Nein, eigentlich nicht. Für so einen Fall ist der Bereich 169.254.0.1-169.254.255.254 mit der Subnetzmaske 255.255.0.0 vorgesehen.


----------



## spsHeiniLangRüssel (16 Dezember 2021)

Danke für eure Unterstützung. So eine Community ist echt toll.

Passt das so?





Muss ich hier bei Standartgateway einfach den Eintrag rauslöschen?


----------



## oliver.tonn (16 Dezember 2021)

Ja, die Zahlen im Standardgateway einfach rauslöschen.
Und bitte auch den Eintrag bei DNS, erstens brauchst Du den nicht, zweitens ist das was da drin steht Blödsinn, da gehört eine IP rein und keine Subnetzmaske.


----------



## spsHeiniLangRüssel (16 Dezember 2021)

oliver.tonn schrieb:


> Ja, die Zahlen im Standardgateway einfach rauslöschen.
> Und bitte auch den Eintrag bei DNS, erstens brauchst Du den nicht, zweitens ist das was da drin steht Blödsinn, da gehört eine IP rein und keine Subnetzmaske.

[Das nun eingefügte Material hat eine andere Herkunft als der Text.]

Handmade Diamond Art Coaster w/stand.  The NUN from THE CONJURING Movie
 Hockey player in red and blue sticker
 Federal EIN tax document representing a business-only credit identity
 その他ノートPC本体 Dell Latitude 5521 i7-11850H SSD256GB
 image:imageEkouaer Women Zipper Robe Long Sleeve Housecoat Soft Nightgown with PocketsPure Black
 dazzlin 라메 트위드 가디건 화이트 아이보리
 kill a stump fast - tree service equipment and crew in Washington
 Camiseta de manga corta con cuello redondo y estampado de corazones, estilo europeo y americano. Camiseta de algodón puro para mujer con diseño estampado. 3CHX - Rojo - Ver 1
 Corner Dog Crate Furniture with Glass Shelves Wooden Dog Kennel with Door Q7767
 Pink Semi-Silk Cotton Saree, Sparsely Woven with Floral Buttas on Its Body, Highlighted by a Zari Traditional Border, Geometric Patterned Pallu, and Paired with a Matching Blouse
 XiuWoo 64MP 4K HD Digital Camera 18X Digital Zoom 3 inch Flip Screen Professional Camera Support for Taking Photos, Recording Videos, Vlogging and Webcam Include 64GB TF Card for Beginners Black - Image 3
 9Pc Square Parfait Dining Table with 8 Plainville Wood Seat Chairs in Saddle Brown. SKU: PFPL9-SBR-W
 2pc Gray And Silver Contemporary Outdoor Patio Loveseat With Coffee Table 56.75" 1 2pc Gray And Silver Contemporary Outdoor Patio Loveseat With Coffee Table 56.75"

Dann muss ich auch DNS automatisch beziehen einschalten oder?


----------



## spsHeiniLangRüssel (16 Dezember 2021)

Ich habe da noch eine recht blöde Frage. Warum wird das HMI von der JMobile-Software erkannt und nur nicht von der Codesys ?


----------



## oliver.tonn (16 Dezember 2021)

spsHeiniLangRüssel schrieb:


> Dann muss ich auch DNS automatisch beziehen einschalten oder?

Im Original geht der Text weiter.